Overcast skies

Thu, 21 Nov 1996 17:54:52 +1100
Bruce R. McFarling (ecbm@cc.newcastle.edu.au)

Subject: Technology is human behavior, not "new life"

Alan McGowan [Hi, Alan] writes:
>...
> McClellan seems convinced that humans have opened a new
> chapter of evolution with technology, and he writes of
> technology as if it were as autopoietic as organic life. In fact
> all technology is dependent on humans to maintain it, and
> through humans, on the life support services of ecosystems.
> Technology is not a new form of postbiological life, it is part
> of the extended phenotype of human life, just as the beaver dam
> is part of the extended phenotype of beavers. It is part of
> biology -- a fragile part, every bit as dependent on the
> maintenance of biological integrity and healthy ecosystems as we
> humans are -- because technology is human behavior, human
> culture, human traits.
> ...

A computer is not a "technology". The ability to make a
computer, and to program it to do something, is "technology".
Techno Logos. Technique Words. Knowledge of Techniques. And so
our technology is intrinsically social, since human capabilities
are intrinsically social.
[Insert favorite wolf-boy story here]

We have to be careful of the difference between technology
being under our control and imaging that technology is under our
control. If the argument is that in the 18th and 19th centuries,
technology was thought to be under human control, and now we can
point to evidence that it is not, why *assume*[1] that 'they' were
right in the 18th and 19th centuries?

After all, the illusion that human societies in general -- and
technology in particular, which is an important aspect of human
society -- is under our control depends upon people's perception
that the rules of behavior that they are accustomed to are the
"natural" and/or "right" ways of doing things. So, perhaps it is
the accelerating pace of technological change that dispels the
illusion that we are in control of our societies. If so, this is
something we have been on the road to for quite a long while,
since technological change has been accelerating for the last 5
millenia at least.

People that imagine that they can stop all of our societies
from destroying irreplacable, essential systems in our material
environment by being just a little bit smarter, more cooperative,
better, wiser (etc., etc., and so forth), are, in one dimension of
the problem, entirely right, and in another dimension of the
problem, wildly wrong.[2] Our technology is what we know how to
do, and so they are right: stopping it is not "out there", but "in
here", among us. Right technology is simply one facet of right
action.

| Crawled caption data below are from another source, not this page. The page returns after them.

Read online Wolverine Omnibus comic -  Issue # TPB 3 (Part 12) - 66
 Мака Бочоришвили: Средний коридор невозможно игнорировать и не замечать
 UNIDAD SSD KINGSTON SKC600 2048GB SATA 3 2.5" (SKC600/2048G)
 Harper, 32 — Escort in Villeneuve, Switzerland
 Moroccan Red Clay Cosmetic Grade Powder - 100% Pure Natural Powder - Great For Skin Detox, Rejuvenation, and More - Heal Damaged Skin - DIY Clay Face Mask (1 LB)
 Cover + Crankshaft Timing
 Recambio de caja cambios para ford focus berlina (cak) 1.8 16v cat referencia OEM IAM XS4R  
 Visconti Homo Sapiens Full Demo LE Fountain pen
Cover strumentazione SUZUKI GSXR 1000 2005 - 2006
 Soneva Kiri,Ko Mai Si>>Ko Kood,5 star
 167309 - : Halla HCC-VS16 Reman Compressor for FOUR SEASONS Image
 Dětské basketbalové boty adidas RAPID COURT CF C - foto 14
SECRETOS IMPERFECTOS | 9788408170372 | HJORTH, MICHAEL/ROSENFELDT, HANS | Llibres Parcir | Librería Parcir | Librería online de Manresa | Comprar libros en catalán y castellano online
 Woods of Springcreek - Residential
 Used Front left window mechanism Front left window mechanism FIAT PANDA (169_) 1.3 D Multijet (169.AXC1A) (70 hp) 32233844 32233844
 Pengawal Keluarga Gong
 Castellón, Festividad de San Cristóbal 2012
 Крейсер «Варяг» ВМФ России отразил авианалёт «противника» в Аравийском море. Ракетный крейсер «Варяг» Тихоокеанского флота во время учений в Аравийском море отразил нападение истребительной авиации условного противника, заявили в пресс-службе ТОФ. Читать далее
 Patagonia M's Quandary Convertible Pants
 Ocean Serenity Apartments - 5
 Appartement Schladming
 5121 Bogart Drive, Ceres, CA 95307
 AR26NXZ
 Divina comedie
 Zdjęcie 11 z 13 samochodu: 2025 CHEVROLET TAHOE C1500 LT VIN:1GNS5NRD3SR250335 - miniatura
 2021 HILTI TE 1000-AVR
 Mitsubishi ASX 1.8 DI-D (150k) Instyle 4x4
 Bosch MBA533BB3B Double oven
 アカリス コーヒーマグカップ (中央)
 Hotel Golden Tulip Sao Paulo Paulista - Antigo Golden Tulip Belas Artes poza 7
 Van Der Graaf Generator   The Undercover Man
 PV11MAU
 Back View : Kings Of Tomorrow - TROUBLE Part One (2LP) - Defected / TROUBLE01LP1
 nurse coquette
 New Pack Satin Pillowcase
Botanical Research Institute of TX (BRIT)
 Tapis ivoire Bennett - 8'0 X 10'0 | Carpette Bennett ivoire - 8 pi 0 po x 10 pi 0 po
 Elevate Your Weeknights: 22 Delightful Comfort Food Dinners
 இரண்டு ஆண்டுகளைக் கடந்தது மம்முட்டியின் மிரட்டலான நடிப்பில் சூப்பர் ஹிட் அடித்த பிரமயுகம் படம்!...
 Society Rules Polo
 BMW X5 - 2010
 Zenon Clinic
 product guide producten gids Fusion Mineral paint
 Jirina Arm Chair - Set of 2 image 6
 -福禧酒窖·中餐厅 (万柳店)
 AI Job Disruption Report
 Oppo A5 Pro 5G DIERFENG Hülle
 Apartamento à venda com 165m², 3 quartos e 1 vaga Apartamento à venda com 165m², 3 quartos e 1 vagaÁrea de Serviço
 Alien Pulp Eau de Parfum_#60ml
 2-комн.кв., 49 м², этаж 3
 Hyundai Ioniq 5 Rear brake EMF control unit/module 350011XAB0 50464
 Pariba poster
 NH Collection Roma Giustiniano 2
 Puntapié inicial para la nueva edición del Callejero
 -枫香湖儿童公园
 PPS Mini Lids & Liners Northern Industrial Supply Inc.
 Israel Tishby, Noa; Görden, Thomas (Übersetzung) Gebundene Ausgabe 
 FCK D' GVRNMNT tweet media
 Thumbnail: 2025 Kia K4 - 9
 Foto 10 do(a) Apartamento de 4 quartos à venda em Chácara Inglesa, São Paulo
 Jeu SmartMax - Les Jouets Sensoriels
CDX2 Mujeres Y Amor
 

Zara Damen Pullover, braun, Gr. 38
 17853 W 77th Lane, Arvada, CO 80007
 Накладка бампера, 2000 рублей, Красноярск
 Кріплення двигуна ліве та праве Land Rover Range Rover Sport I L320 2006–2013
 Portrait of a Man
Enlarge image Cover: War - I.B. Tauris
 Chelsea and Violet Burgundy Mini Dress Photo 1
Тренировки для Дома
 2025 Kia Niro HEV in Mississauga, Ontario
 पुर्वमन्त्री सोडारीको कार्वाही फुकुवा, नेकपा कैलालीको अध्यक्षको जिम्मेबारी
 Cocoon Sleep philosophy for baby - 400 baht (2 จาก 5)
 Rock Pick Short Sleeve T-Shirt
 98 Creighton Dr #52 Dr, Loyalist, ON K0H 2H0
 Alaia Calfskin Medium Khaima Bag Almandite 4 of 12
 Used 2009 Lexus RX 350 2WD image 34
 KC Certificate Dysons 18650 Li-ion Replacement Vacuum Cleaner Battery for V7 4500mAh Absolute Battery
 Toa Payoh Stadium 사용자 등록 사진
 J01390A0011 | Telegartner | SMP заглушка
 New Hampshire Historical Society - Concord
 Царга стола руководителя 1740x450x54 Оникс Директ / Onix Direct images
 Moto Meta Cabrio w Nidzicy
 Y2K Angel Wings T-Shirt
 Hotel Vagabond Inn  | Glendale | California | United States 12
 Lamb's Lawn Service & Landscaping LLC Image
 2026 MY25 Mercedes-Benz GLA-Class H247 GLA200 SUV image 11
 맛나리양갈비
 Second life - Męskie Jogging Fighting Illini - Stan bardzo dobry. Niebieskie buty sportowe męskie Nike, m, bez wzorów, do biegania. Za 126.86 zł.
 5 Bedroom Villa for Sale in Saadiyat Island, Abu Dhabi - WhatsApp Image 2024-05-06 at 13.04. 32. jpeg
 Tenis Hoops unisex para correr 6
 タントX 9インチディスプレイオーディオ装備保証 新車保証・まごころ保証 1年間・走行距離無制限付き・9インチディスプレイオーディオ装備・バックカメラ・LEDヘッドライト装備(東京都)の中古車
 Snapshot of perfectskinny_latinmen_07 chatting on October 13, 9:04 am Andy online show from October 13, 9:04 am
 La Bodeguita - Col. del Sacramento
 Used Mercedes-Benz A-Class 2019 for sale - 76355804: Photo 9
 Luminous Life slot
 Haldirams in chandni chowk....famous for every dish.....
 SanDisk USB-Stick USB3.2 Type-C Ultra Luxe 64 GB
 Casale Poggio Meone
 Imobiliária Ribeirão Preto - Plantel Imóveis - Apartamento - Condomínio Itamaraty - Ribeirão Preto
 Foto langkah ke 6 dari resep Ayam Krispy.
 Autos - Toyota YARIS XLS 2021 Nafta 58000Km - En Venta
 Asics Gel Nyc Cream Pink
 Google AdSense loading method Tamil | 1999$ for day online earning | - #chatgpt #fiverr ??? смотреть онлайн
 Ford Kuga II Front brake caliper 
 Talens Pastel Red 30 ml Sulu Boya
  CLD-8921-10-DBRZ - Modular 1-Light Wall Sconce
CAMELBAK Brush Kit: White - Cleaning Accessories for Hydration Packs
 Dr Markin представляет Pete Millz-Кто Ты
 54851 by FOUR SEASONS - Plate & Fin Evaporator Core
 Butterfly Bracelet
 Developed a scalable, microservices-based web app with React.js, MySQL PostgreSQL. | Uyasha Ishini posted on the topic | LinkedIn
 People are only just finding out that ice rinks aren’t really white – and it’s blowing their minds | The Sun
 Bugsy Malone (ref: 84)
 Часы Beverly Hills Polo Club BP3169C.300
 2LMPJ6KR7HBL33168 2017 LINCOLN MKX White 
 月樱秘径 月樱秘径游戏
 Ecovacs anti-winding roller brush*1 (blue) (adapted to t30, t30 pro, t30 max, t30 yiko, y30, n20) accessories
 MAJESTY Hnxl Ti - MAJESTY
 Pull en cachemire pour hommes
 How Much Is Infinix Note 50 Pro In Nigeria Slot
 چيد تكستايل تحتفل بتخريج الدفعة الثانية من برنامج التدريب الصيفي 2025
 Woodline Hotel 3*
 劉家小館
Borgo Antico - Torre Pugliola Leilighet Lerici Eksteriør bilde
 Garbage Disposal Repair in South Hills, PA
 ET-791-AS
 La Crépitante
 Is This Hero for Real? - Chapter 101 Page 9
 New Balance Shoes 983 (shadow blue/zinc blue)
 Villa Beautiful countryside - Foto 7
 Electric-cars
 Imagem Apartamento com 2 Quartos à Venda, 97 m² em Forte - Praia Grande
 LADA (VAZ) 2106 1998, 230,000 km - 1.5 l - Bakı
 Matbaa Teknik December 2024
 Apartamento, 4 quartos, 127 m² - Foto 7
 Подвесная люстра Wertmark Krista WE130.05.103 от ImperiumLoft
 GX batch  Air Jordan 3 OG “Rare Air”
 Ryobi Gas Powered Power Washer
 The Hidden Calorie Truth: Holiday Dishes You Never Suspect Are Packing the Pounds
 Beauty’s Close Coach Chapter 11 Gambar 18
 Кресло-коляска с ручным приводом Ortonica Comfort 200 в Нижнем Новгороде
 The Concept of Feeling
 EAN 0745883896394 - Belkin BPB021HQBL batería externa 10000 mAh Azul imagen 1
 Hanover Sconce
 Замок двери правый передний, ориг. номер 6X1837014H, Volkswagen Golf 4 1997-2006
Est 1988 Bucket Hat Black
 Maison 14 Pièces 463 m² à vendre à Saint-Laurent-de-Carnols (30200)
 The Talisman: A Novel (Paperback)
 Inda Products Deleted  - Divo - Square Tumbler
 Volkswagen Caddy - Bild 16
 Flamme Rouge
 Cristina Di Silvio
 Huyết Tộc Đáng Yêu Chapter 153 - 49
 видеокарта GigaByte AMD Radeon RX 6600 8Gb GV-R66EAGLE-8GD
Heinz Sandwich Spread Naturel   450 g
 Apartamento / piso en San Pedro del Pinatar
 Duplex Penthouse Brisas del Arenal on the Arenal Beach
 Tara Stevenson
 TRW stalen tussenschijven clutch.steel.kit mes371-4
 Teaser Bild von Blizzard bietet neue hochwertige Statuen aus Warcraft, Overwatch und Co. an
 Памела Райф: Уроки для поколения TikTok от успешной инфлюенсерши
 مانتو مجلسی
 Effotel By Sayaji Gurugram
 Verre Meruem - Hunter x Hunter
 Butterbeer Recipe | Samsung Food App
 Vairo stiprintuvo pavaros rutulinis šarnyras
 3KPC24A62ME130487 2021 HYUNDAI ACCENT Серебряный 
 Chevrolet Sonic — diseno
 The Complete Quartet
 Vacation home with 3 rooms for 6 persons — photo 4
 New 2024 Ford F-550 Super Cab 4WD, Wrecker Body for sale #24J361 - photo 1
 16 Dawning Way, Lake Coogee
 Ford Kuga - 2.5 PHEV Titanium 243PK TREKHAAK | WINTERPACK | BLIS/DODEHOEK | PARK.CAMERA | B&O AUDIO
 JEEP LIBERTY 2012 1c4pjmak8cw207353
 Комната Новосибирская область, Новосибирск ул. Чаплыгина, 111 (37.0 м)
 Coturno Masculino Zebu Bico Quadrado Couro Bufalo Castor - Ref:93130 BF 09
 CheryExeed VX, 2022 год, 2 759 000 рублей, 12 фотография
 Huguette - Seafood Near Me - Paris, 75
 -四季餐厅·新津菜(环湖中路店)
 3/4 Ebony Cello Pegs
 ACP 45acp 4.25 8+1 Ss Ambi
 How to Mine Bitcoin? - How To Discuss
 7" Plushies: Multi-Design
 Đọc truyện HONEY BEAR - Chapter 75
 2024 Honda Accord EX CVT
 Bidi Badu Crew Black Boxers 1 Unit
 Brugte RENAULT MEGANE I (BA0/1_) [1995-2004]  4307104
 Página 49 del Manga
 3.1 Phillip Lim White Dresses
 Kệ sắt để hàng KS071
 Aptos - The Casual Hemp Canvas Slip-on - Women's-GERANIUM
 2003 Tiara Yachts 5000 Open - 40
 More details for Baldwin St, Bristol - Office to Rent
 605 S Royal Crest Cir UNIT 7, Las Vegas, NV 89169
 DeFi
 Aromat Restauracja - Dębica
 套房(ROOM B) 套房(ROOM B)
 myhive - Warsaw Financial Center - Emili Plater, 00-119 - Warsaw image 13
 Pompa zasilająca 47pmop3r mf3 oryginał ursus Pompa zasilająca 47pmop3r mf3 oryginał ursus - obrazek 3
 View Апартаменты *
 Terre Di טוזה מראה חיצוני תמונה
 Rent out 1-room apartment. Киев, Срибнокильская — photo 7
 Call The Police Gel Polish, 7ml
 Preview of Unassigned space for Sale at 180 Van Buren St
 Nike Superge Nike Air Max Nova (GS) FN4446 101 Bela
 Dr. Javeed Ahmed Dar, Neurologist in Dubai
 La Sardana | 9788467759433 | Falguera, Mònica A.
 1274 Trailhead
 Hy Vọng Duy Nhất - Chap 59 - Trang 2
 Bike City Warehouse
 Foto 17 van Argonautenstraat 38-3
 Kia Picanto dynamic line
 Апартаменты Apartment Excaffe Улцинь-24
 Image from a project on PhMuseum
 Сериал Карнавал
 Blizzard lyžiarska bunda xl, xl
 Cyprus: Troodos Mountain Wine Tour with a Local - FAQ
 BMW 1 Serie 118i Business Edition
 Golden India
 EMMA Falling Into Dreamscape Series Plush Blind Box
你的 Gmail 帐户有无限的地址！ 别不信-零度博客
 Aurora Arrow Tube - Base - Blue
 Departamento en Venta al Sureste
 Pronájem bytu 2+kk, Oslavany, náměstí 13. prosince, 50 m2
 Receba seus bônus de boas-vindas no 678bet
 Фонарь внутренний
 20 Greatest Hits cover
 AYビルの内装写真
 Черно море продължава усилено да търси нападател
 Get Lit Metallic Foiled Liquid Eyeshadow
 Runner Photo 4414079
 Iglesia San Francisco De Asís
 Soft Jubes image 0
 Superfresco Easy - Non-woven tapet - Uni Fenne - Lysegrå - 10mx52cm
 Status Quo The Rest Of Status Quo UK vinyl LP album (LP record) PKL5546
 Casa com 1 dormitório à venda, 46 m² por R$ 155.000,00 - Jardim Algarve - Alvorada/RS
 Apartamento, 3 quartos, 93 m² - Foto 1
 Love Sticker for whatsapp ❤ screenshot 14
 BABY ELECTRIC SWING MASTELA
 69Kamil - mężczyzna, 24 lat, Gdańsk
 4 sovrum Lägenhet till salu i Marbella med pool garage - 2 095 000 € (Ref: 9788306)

But changing what we know how to do is one of the hardest
things there is to do, and it never turns out the way we expect it
to, so they are wrong (assuming, of course, that they exist at
all[2]).

BTW: the only deep ecology dream I could dream at the spur of
the moment was pretty shallow: I walked to the local store, and
bought a cherry muesli bar. Cherries, after all, were in season.
I went back to work on the university computer, and that's all,
there is nothing else. To be specific: there was no garbage can
in the office to throw the wrapper "away", no hint of the notion
that there is an away to throw thing to, and, therefore no wrapper;
therefore no wholesaler; therefore no delivery truck; therefore
no big meusli bar factory; therefore no surprise that the person
who made them dropped them off on their way to Uni. Etcetera,
Etcetera, and so forth.

Virtually,

Bruce R. McFarling, Newcastle, NSW
ecbm@cc.newcastle.edu.au

[1] BTW, using all caps is *not* the only way to place emphasis on
what we write in these forums, and I want to underline that:
_that_.

[2] And it's important to note that AFAIK these people have only
entered the discussion in the third person.